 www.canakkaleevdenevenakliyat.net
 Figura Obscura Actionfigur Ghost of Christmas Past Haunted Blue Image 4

* * *

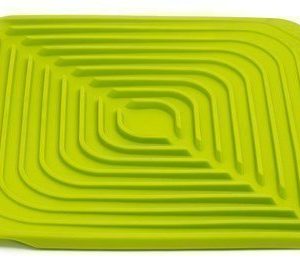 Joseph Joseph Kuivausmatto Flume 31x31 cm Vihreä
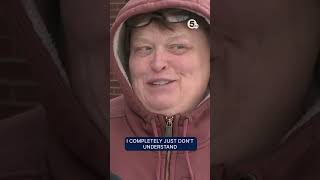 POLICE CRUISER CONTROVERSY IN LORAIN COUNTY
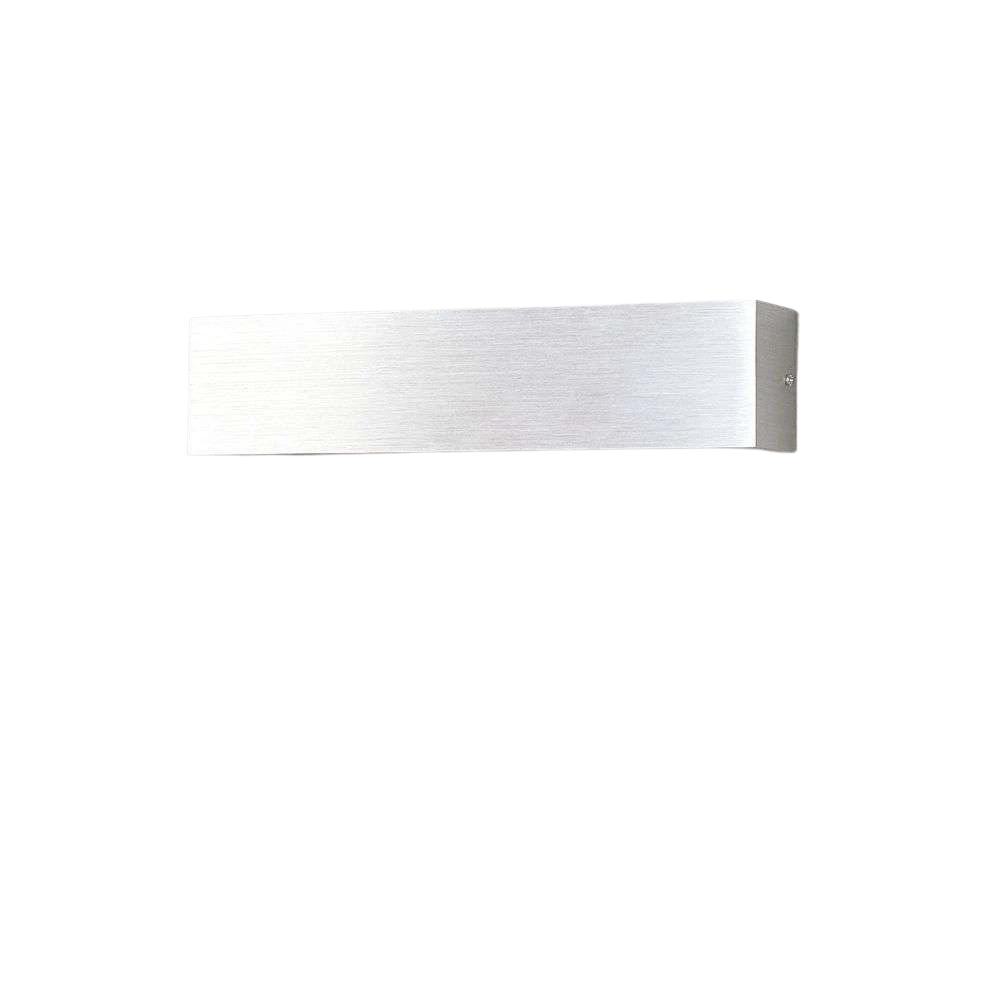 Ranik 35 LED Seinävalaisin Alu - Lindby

— WHAT THE TASK ASKS —
Given the listing above, repeat exactly the lines starting at the one with "POLICE CRUISER CONTROVERSY IN LORAIN COUNTY" and ending at the one with "Ranik 35 LED Seinävalaisin Alu - Lindby", inclusive, excluding pictures.

— EXERCISE RESULT —
 POLICE CRUISER CONTROVERSY IN LORAIN COUNTY
 Ranik 35 LED Seinävalaisin Alu - Lindby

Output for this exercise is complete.